Rats mostly cease producing the virus when they start producing antibodies, that is 10-14 days post infection. however the symptoms may take longer than that to resolve. Usually it takes 4-6 weeks post infection for all of the symptoms to completely subside and some scarring in the respiratory tract may be left, leading to occasional snuffles. The odd rat may go on to develop full blown Mycoplasmal respiratory disease. Eye problems, including clouding and ulceration of the cornea and megaloglobus, can also resolve in 4-6 weeks. However, some rats damage their eyes while they are swollen and this can lead to loss of the eye due to secondary bacterial infection. A few may also be left with glaucoma.
Following infection, the rat appears to produce antibodies for around six months. After this, while the rat does not produce symptoms if infected again with RCV, it can still shed that virus for another 7 days.

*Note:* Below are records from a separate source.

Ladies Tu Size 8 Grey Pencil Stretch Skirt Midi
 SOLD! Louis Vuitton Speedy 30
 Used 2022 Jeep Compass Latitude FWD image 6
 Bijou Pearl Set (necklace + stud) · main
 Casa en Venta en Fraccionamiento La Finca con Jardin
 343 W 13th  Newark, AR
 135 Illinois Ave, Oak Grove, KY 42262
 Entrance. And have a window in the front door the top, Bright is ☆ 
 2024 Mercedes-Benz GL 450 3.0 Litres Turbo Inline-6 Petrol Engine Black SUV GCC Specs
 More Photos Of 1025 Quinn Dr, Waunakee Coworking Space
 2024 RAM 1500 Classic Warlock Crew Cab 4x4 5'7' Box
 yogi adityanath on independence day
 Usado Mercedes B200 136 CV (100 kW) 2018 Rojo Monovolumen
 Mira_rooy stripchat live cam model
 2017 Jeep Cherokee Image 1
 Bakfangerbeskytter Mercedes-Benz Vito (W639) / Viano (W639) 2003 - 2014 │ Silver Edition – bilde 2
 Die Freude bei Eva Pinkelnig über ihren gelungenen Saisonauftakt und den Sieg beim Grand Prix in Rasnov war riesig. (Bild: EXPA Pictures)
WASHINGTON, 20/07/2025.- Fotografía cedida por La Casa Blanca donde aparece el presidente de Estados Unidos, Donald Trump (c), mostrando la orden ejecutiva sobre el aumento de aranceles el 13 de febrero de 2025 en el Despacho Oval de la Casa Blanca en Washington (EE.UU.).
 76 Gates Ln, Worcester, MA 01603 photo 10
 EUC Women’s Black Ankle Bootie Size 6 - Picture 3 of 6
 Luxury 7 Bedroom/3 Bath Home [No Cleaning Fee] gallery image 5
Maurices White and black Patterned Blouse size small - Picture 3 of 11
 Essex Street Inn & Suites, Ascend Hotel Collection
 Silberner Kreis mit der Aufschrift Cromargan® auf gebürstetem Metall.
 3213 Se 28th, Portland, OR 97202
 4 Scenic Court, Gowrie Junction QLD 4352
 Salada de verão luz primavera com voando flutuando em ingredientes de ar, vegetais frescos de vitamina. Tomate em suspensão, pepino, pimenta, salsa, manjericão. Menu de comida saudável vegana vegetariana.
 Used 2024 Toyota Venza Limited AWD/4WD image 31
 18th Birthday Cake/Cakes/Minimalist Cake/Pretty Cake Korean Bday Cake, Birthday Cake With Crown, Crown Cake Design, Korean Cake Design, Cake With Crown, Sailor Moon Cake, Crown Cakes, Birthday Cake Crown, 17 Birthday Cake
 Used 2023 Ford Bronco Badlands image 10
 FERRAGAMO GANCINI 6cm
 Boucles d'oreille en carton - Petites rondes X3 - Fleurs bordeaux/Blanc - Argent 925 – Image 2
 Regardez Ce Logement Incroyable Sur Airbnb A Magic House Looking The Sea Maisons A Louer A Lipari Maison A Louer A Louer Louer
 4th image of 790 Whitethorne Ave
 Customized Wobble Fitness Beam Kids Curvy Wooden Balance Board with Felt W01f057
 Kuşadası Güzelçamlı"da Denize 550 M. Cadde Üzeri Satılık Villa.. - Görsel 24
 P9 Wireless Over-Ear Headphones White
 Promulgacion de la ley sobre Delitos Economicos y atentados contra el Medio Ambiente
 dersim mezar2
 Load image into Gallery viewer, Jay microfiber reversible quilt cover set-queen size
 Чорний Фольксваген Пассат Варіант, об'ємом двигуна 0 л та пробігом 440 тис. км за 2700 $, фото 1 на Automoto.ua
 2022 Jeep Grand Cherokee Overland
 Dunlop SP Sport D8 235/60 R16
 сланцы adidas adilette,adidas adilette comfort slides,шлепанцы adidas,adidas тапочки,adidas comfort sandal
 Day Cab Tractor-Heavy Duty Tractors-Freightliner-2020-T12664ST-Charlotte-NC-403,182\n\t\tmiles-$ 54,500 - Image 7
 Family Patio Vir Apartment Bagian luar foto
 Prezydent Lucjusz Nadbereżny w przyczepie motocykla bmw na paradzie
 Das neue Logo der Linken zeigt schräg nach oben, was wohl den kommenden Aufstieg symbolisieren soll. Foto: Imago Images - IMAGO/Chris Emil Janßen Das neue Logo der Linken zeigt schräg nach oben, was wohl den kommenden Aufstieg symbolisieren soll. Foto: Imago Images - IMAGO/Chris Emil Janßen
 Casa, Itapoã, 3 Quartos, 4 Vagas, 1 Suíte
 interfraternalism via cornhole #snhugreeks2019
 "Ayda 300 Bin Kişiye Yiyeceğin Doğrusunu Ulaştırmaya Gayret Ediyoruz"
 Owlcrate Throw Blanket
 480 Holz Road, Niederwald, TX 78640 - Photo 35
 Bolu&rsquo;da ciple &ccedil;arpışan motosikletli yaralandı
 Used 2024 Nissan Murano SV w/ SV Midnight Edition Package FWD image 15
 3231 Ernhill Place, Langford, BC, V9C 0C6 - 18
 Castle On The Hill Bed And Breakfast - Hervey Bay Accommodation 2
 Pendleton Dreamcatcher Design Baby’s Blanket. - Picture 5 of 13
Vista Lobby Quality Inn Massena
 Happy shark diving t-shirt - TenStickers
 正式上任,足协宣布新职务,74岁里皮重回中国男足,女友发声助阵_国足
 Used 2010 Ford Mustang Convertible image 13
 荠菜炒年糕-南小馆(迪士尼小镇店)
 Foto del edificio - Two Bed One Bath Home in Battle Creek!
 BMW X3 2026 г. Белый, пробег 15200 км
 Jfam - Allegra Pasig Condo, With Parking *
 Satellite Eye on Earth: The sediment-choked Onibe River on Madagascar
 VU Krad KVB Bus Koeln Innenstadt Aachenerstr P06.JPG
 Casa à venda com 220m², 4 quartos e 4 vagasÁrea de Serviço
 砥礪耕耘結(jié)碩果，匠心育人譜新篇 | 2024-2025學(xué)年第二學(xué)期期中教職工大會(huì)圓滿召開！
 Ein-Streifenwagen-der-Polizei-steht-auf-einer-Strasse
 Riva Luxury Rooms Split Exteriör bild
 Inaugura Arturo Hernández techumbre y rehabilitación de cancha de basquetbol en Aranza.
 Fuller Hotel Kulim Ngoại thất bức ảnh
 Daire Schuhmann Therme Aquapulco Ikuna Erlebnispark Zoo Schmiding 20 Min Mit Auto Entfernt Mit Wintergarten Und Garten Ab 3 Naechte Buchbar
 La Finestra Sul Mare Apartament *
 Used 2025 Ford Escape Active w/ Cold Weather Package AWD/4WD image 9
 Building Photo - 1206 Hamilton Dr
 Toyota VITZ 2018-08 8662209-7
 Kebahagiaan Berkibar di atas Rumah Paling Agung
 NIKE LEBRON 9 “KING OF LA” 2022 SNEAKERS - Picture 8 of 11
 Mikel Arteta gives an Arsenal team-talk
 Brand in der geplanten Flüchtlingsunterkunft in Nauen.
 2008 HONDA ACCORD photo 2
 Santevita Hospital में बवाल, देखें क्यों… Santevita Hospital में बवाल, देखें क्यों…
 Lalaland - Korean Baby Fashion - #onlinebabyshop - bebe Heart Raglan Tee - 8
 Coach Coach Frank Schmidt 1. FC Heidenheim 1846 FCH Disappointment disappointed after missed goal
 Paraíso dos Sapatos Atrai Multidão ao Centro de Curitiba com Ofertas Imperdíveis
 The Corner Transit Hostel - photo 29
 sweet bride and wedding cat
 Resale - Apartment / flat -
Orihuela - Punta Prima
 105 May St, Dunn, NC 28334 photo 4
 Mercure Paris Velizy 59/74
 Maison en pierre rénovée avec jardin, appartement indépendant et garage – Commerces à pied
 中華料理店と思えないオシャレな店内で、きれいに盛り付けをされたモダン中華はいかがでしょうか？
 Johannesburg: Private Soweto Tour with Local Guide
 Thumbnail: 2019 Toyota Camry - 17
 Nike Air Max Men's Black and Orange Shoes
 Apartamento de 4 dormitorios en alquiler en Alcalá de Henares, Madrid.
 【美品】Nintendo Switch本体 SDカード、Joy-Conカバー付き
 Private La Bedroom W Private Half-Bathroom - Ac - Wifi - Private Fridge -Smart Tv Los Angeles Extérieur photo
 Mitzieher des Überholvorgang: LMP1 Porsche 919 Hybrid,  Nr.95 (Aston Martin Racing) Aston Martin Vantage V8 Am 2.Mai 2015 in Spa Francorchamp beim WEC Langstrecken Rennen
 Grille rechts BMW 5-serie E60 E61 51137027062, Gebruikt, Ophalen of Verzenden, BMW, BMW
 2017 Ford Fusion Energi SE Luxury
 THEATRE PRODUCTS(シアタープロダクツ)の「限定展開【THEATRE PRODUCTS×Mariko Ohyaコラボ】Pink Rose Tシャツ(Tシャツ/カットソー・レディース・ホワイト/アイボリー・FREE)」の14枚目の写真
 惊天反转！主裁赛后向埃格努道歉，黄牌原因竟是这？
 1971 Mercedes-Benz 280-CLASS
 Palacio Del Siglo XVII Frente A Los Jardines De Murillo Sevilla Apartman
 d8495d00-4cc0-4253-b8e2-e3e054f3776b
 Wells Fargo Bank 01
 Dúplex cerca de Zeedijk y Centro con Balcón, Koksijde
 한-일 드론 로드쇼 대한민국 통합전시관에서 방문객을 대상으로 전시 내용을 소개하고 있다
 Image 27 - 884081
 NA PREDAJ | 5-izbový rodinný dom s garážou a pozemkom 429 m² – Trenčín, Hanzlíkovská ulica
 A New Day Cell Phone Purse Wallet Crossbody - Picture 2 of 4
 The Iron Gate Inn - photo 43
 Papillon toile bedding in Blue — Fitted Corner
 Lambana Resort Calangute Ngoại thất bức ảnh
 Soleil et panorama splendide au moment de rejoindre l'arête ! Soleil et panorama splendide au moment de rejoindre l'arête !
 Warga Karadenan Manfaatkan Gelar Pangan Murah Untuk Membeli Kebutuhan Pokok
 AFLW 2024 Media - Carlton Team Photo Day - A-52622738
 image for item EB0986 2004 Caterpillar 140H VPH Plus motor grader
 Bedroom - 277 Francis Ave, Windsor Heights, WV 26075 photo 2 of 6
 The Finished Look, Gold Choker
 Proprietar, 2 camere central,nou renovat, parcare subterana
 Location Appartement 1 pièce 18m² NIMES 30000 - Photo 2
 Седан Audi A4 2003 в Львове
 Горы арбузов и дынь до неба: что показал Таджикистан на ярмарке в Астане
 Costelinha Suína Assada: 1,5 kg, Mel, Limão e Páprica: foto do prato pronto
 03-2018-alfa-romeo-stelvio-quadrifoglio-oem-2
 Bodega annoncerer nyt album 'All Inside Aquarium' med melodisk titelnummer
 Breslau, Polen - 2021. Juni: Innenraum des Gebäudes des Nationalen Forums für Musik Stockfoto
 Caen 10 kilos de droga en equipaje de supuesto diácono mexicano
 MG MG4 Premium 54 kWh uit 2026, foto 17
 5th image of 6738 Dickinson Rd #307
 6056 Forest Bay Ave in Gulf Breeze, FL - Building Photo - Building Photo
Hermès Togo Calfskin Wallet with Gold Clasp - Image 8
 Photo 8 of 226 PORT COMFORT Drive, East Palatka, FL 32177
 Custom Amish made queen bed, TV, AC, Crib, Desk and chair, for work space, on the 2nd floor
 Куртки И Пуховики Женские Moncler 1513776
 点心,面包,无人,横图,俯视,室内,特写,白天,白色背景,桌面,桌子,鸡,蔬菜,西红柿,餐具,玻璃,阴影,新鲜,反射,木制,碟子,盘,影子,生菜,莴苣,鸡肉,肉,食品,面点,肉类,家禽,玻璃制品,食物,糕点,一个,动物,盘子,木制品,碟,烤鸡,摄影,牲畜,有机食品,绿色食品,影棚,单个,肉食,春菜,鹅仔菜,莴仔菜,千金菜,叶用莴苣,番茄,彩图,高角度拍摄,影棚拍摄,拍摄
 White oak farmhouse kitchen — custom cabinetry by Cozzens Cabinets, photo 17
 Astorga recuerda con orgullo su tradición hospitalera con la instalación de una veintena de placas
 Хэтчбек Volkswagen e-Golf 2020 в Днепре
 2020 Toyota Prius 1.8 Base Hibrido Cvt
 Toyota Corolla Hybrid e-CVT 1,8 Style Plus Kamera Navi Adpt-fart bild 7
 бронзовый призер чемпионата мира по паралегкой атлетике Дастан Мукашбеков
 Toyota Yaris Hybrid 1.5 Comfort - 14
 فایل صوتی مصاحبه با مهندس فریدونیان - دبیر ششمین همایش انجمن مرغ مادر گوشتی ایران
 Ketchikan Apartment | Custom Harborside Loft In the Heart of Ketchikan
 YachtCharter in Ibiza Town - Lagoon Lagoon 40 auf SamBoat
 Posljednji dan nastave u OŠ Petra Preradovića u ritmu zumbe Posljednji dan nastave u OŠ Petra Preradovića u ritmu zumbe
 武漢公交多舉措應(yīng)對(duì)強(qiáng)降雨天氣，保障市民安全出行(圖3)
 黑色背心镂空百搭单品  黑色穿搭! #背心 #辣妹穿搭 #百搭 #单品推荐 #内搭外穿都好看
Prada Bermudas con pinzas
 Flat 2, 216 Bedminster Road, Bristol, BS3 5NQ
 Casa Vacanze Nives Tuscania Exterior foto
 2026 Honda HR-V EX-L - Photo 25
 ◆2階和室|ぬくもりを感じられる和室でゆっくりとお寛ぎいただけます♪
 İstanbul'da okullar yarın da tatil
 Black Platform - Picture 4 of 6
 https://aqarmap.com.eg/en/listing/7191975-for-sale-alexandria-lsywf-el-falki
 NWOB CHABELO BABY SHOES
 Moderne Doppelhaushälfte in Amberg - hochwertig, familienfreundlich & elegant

The swelling of the salivary and lacrymal glands is considered diagnostic as it does not occur in any other known rat infection. However a blood test can be performed looking for antibodies around ten days after exposure. Both ELISA and IFA tests are available.
RCV spreads rapidly among rats housed in open cages and presumably, at gatherings of rat owners and their animals. The infection rate is normally 100% of rats held in one place. Transmission appears to be primarily by droplets (sneezed out by infected rats) or by direct contact. However, RCV can survive for up to two days dried onto surfaces. Therefore, so called 'fomite' transmission (that is via cages, surfaces, clothes etc) may play a part. Intrauterine infection does not occur. Due to the rapidity of spread, most rats in a room will have had the infection and become immune within 3-5 weeks of the initial contact with the virus, even if some rats still have some symptoms left to resolve.
The virus can be killed by normal household disinfectants and temperatures of 83C. Cool washes are probably not sufficient to kill this virus.
If you get this infection in your rats, then you should avoid contact with other rats or rat owners for 6-8 weeks to be on the safe side, but it is probably impossible to prevent spread within your own rats without elaborate quarantine procedures that are unlikely to achieve anything other than prolonging your outbreak.
There is no treatment for this infection but supportive therapy can help. This includes blanket adminstration of pain killers, such as soluble asprin or Ibruprofen in the drinking water to nursing for the worst affected. Rats who are not eating or drinking, should be dropper fed in order to improve their chances. I have found that diluted Nutrical, sweetened milk with a spot of alcohol and Polyaid can all make a big difference to a rat's chances.
Antibiotics will not touch the virus but the use of chloramphenicol eye drops does help prevent secondary eye infections. Likewise rats with the worst respiratory symptoms may be helped by a course of an antimycoplasmal antibiotic such as Baytril or Doxycycline.
This is a common virus and most outbreaks pass off without deaths or serious illness. However, when a more virulent strain does appear, it is important that committees act quickly to prevent the spread of the infection. This means stopping shows and 'gatherings' until the outbreak has subsided. However, this will not work unless individual members behave in a responsible manner and keep away from more 'informal' meetings. Likewise care must be taken when bringing in rats from unknown or dubious outside sources. These rats can often be the source of new disease strains even if they appear well. Therefore you should quarantine these rats for 2-3 weeks. Alternatively, if you do mix these rats in with your own, you will need to watch yours carefully for a few weeks. During this time, you should keep away from other rats.